Было два часа дня. Горлицы покинули сад, сад был пуст. По улице изредка проходили люди: мужчины, женщины, дети и старики — все чужие и постылые.

Когда наступил вечер, женщина поджарила на электрической плитке вчерашнюю картошку и согрела чай. Картошку так и не смогла есть, — попробовала и накрыла сковородку крышкой. Выпила чашку чая и съела немного белого хлеба с маслом. Ни в семь часов вечера, ни в десять часов вечера, ни в час ночи крыльцо не заскрипело под мужскими шагами. Женщина погасила свет, разделась и легла. Шерстяные носки не снимала, чтобы ноги не зябли, но и в шерстяных толстых носках они мерзли, и лицо мерзло, и редкие теплые капли скатывались по холодному лицу.

Утром она проснулась и почувствовала какую-то сухую ясность в душе, и подумала: не сегодня. И сны какие-то были, какие-то такие, которые тоже говорили: не сегодня. Но прическу она сделала. Позавтракала и накормила кота.

И, собирая тетради, увидела из окна идущую вдоль забора почтальоншу в фуфайке и платке, с сумкой на боку. Почтальонша дошла до калитки, сунула в плоский металлический ящик газеты и конверт и неторопливо зашагала дальше по жидкой и грязной дороге.
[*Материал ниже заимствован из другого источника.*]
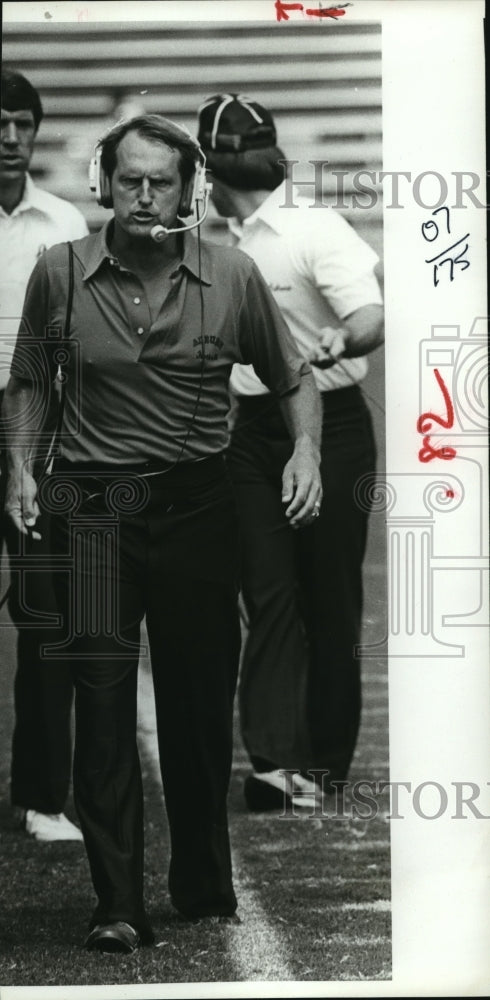 Press Photo Alabama-Auburn football head, Pat Dye looks angry on sideline- Historic Images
Просто почтальон принес свежие газеты, медленно подумала женщина. А в конверте письмо от какой-нибудь подруги, медленно подумала она, завороженно глядя из окна на синий почтовый ящик.
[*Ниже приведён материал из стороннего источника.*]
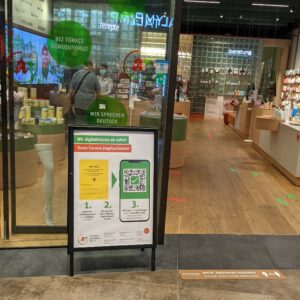 apotek yang bisa mengubah sertifikat vaksin ke sertifikat digital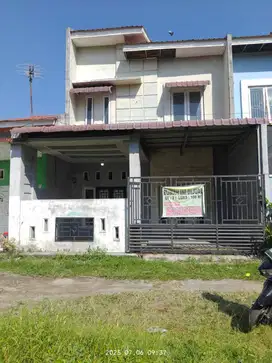 Dijual cepat, rumah 2 Lantai, belakang RS Latersia
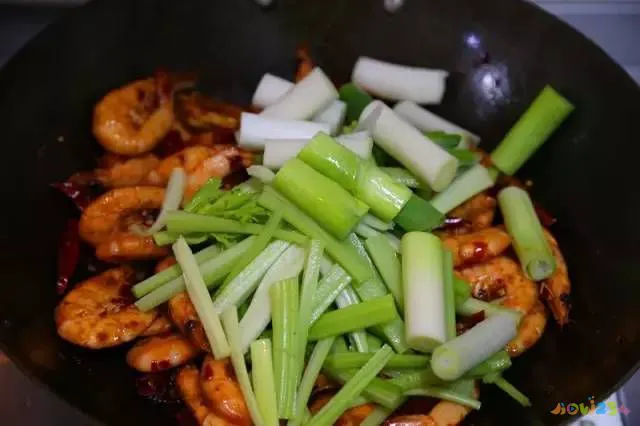 家常干锅虾的做法_家常干锅虾鸡爪的做法_干锅香辣虾的家常做法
Она встала. Спустилась с крыльца и по скользкой тропинке сквозь холодный туман пошла к почтовому ящику на темных крестах калитки.

Это просто кто-то письмо послал. И все. Вот и все, пьянея, думала она.

Она вынула из ящика газеты и письмо.

Сереющую кожу лица порвали морщины, на виске вспучилась жила, под глазами расплылись темные полукружья, — женщина с обезьяньим лицом вскрыла конверт.